İkindi vakti at sırtında bir adam vadiye girdi. Geniş omuzları kapkalın kolları, uzun kahve saçları hem sert hem de gülümseyen belirgin yüz hatları ile gelen, çatırdayan evde yetişen Alahçın’ın yetim çocuklarından biriydi. Atasagun cömert gülüşüyle vadiye ve yetiştiği eve baktı. Onun bıraktığından başka görünse de çok benzeyen yönleri görülebiliyordu. Atasagun vadiye döndüğü için son derece mutluydu. Canadam ve diğer at insanlar onu karşıladılar. Kuşların kendisine getirdiği haberi alır almaz yola çıkmıştı. Zaten yollarda geçmişti asırlardır hayatı. Hiçbir yere konmamış, konamamıştı. Olan biteni dinledi. Aylensis’i görünce ona doğru yürüdü. Hayret ve özlemle karışık baktı ona,
“Ne kadar güzelsin, bunca seneden sonra!” dedi. Aylensis utangaç ama gururlu baktı ona. Cevap vermedi. Ne desindi? Atasagun gittikten sonra vadiden ve titrek ormandan çıkamadığı için kendisine ne kadar kızdığını mı söylesindi? Güneşin Dünya’yı aydınlattığı her dakika yaşadığı kayalıktaki oyuktan vadinin her köşesine baktığını mı söylesindi. Öyle çok ağladığını ve zamanın yapamadığını gözyaşlarının yaptığını mı anlatındı. Göz pınarlarından yaşlar akarken yüzünün nasıl buruştuğunu,nasıl saçlarında tek bir renk kalmadığını, kamburunun nasıl çıktığını mı anlatsındı. Yaşamanın hiçbir cazibesi kalmadığını mı anlatsındı. Sustu. Seneler sonra bu adamı görmenin verdiği karmakarışık düşüncelerin arasında belirgin bir his vardı. Özlemek ve keyif. Durdu ve hissetti. Tenlerinin birbirlerine bu kadar yaklaşmasının verdiği lezzeti hissetti. Sonra dik ve mağrur yürüdü, sırtına yayı eline tütsüsünü aldı. Birazdan gece yaratıkları için nöbete yürüyecekti.
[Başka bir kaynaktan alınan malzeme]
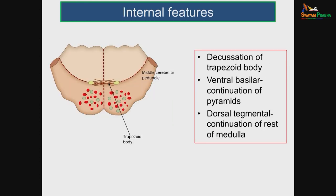Looking at the internal features of the pons, in the center there is a trapezoid nucleus and the trapezoid body. This is the junction between the ventral part called the basilar part and the posterior part called the tegmental part. The basilar part is the continuation of the pyramid of the medulla; the rest of the medulla continues as the tegmental part. The basilar part is common throughout the pons, whereas the tegmental part varies at different levels.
Atasagun Aylensis’in alımlı bedenini ve yürüyüşünü izledi. Onu görmekten bu kadar hoşnut kalacağını ummamıştı. Evin kocaman ahşap kapısına yürüdü. Orada duraladı biraz. ÇAtırdayan evde o büyürken 13 oda görülmüyordu dışarıda. Ondan önce ve ondan sonra yaşayan çocukların odaları eklenmiş olmalıydı. Ama kapısı aynıydı. Kapının kenarında Alahçın Ana’nın ona bakındığı devasa pencere aynıydı. Pencerenin önündeki sepet aynıydı. Duygulandı. Kapıyı açtı. İçerideki koku ona tanıdık geldi. Karşıdaki kocaman şömine, şöminenin kenarında kıvrılıp uzandığı sedir, Alahçın neennin hikayelerini anlatırken, örgü örerken, çorbayı karıştırırken oturduğu kocaman koltuk aynıydı. İşte orada çok soğuk kış günlerinde Alahçın anasına sokulup uyurdu, sıcak sırtını ayaklarını ısıtırken. Odasına doğru yürüdü. Odası, hayaller kurduğu, kızdığı, sığındığı haliyle oradaydı. Unuttu sandığı tüm anılarıyla. Çok uzun bir yol gelmişti. Yatağına uzandı. Alahçın Anası sanki dün yıkamış da sermiş gibi tertemiz kokuyordu çarşaflar ve yumuşacıktı yatak. Alahçın anası kızardı ona böyle kirli yattığı için. Yorgundu ama çok. Tiz sesi ortaya çıkana kadar uyuyup dinlenmek ona iyi gelecekti. Tıpkı eski günlerdeki gibi. Üzerine yorganı çektiğinde keyifli bir uykuya bıraktı kendisini. Sıcacık hissetti kendisini. Uykuya dalarken minicik ama kor gibi yakan bir damla sızdı gözlerinden yanaklarına. Derin ve konforlu bir uyku sardı sarmaladı onu.